Thumbnail running over his bottom lip, Ruvik chuckled. Pearly white teeth exposed themselves over the scars of his mouth. He flipped between the pictures, browsed over the loopy handwriting of Juli's notes. Coroner's report was full of tantalizing details.

This… This is my kind of game.

"Are you so certain the attacker is male?"

Juli sat up, digging through the disheveled pile of papers. "I swore Dr. Jimenez…"

"He doesn't know jack, Kid."

She paused, peering up at him.

Ruvik laid out three of the crime scene photos. "All of these women are missing their left hand… and on a left hand is a very important ring." He dropped the file back onto the pile.

A grizzly photograph fell into Kidman's lap.

Juli couldn't remove her stare from Ruvik. "A wedding ring? You think some woman is killing other women because they were married?"

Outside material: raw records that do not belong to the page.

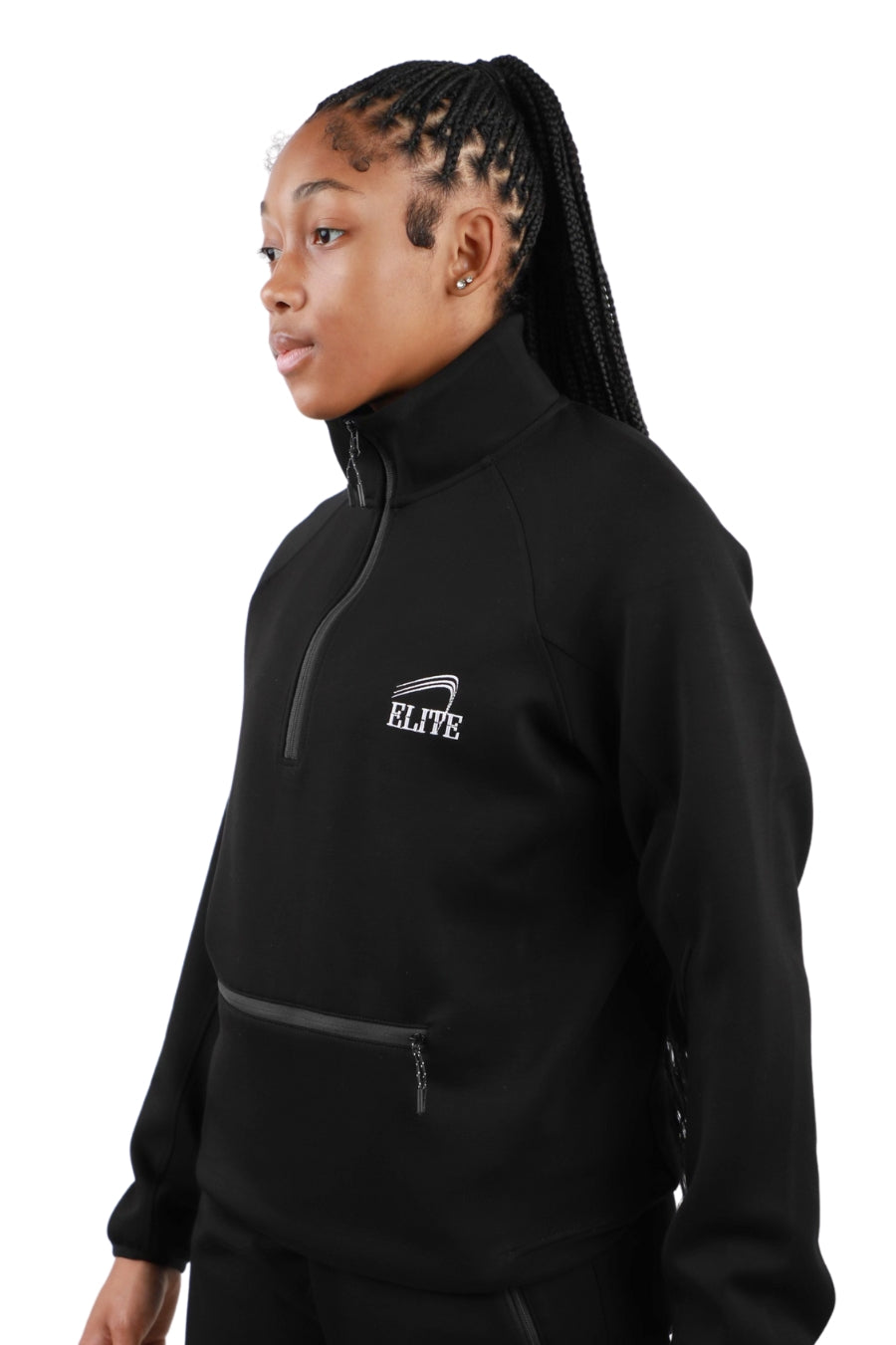 Elite Premier Tech 1/2 Zip Pullover - Women's - Black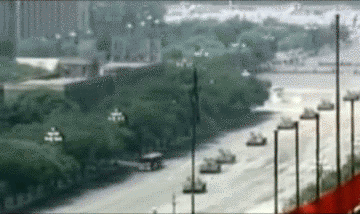 Tank Man, Tiamanmen Square, June 5, 1989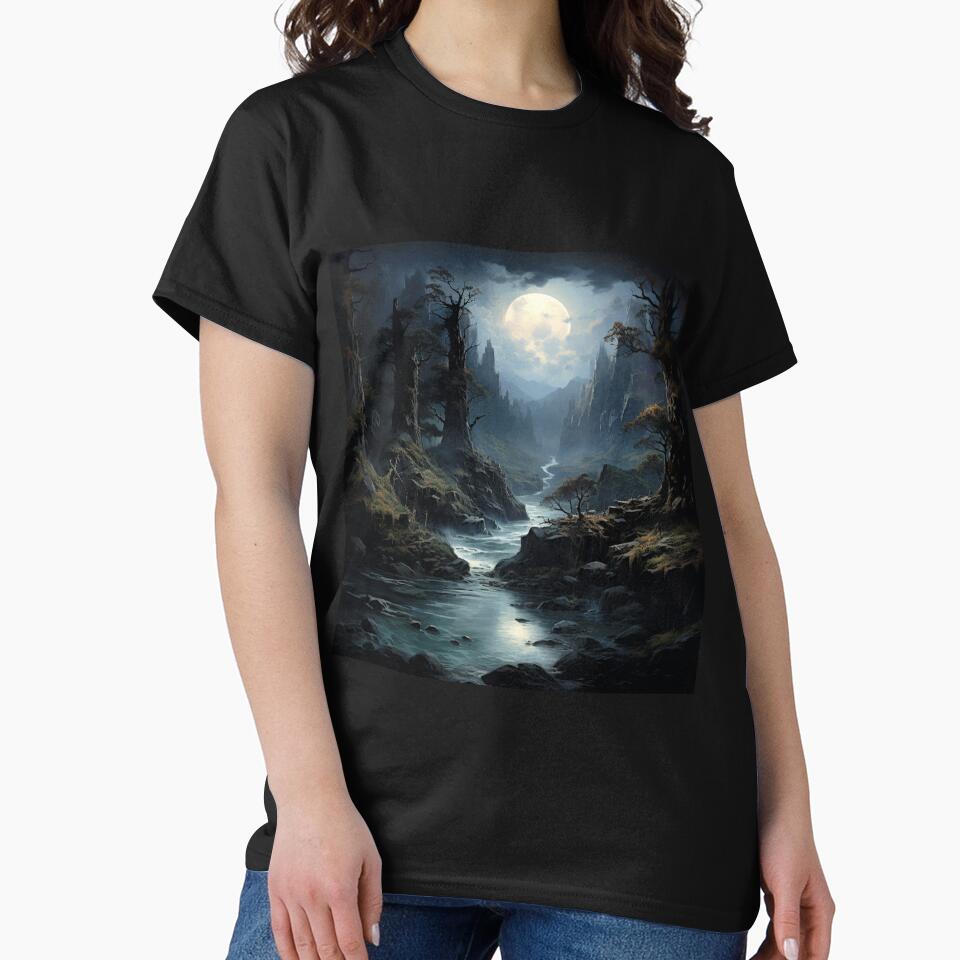 Dark Fantasy Landscape - Moonlit Mire by Fantasy Masterpiece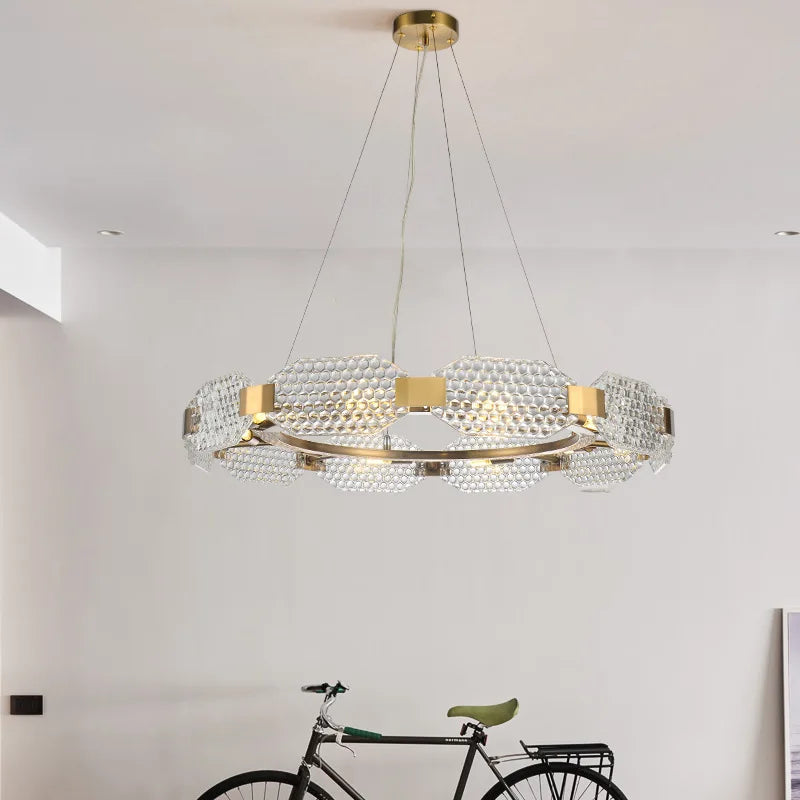 lustre moderne en verre créatif pour décoration intérieure - vue 4 sur 9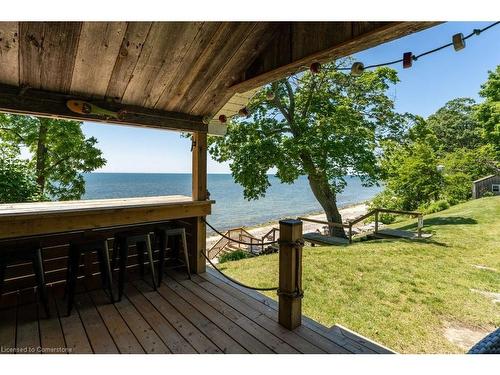 697 Sandy Bay Road, Dunnville, ON - Outdoor With Body Of Water With Deck Patio Veranda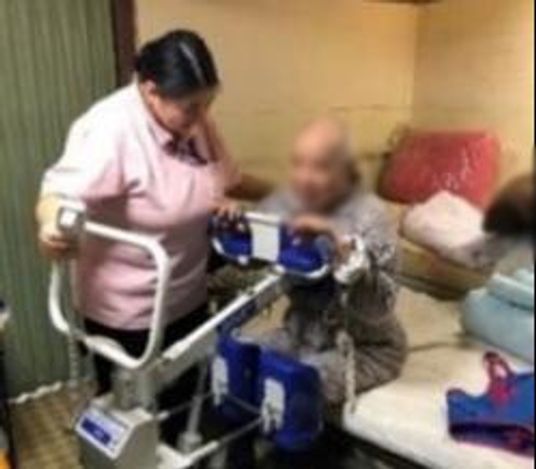 訓練サポート中の部屋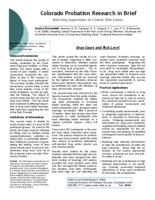 Matching supervision to clients' risk status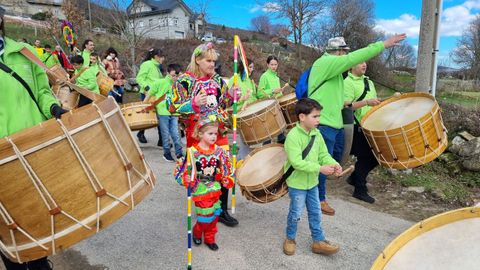 As foi o desfile de boteiros e fulins en Vilario de Conso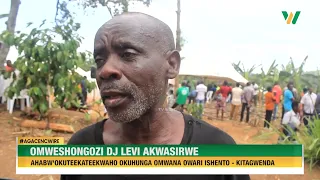 AGACENCWIRE: Omweshongozi Dj Levi akwatsirwe ahabw'okuteekateekwaho okuhonga omwana ou ari ishento.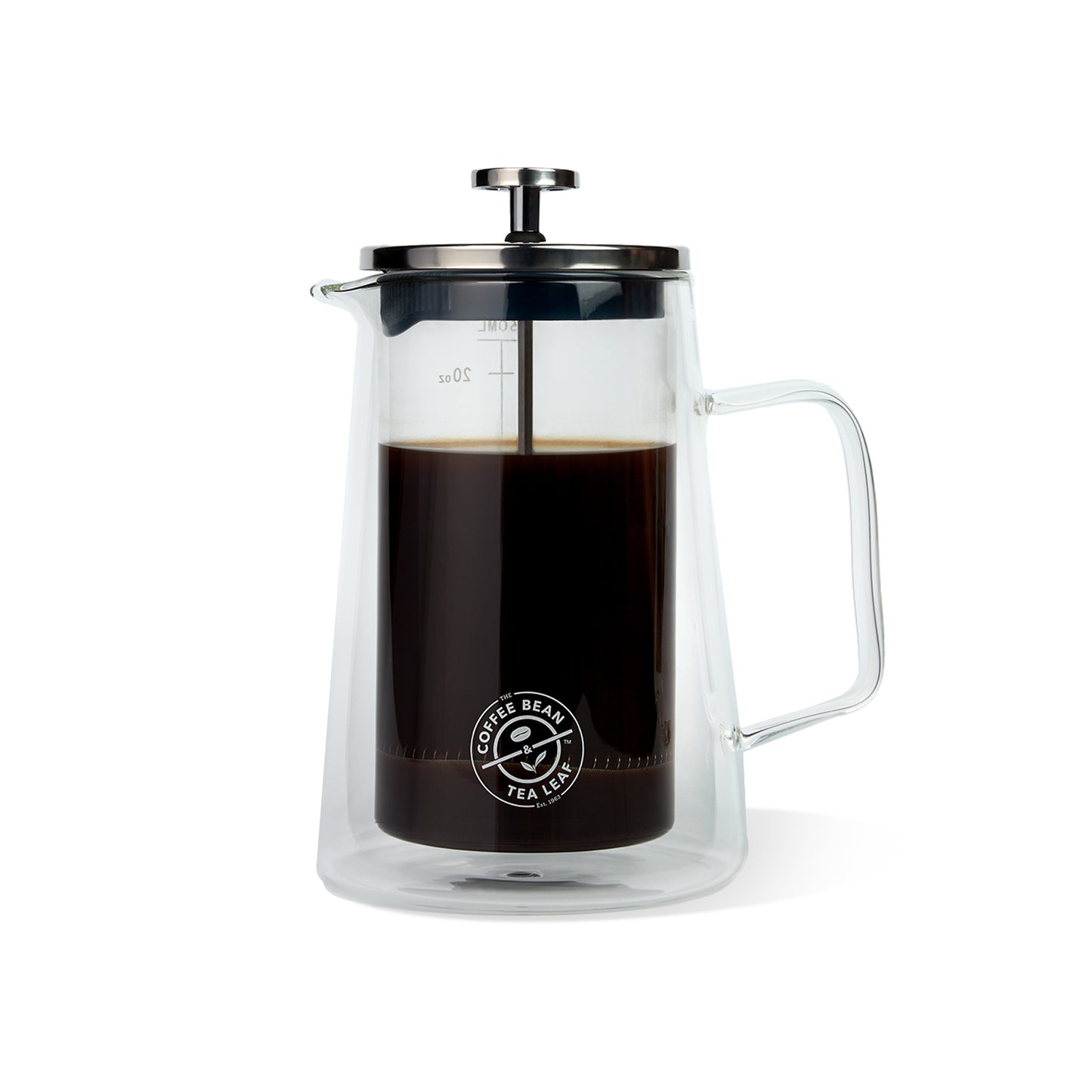 Double Wall Glass French Coffee Plunger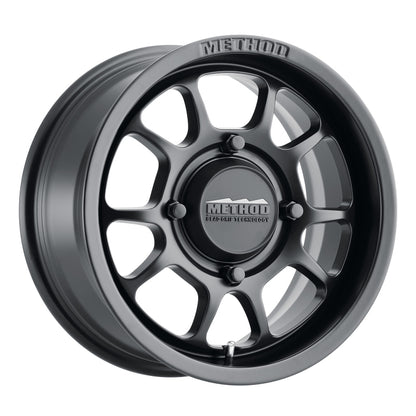 Method Wheels Method MR409 Bead Grip 15x7 / 5+2/38mm Offset / 4x156 / 132mm CB Matte Black Wheel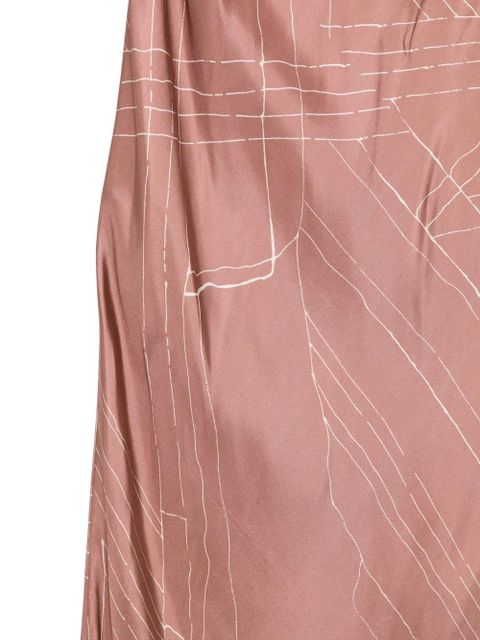 Alysi asymmetric printed maxi dress - Pink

Ruvik tried to hide a smirk at her doubt. "Always the bridesmaid, never the bride. A tragic affair."

Disbelief scoured her face. "No, that's just ridiculous." Juli flipped through the photos, trying to find how he connected such a story together. "How?"

"Well, I believe how she did it is as plain as day. Make it look like a rape to throw you off."

"You know what I mean." She fought the urge to pinch him for mocking her.

The clock chimed on the far wall.

Scarred lips tugged oddly as he grinned. Rising to his feet, Ruvik picked up his cup of coffee. He flicked away speck of something from his sleeve. "It's five in the morning…"

Juli sighed, looking at her watch. "I know… I've been at this all night trying to get into… well now the killer is a 'her'…"

Gaze narrowing, Victoriano watched her flip books shut and pile crime scene photos back into the folders they usually occupied. So much mess, so much disorder. He couldn't remember if she was tidy or not before STEM…

"I don't know what I'm going to do…" Juli uttered softly. "If I screw this up… I lose everything." Her mahogany orbs peered up to him. "I'm sorry; it's not your problem."

Why does she say that?

Another check of her watch and she was heading for the door. "I have to go."

He didn't know what to say. He didn't know how to get what he wanted. More than anything, he didn't want her to just go.

Not like this.


Ruvik caught her at the elevator.

Breathless, he thumped the stop button.

The yellow light overhead doused them both in sunny color.

When the gate closed, his mouth found hers.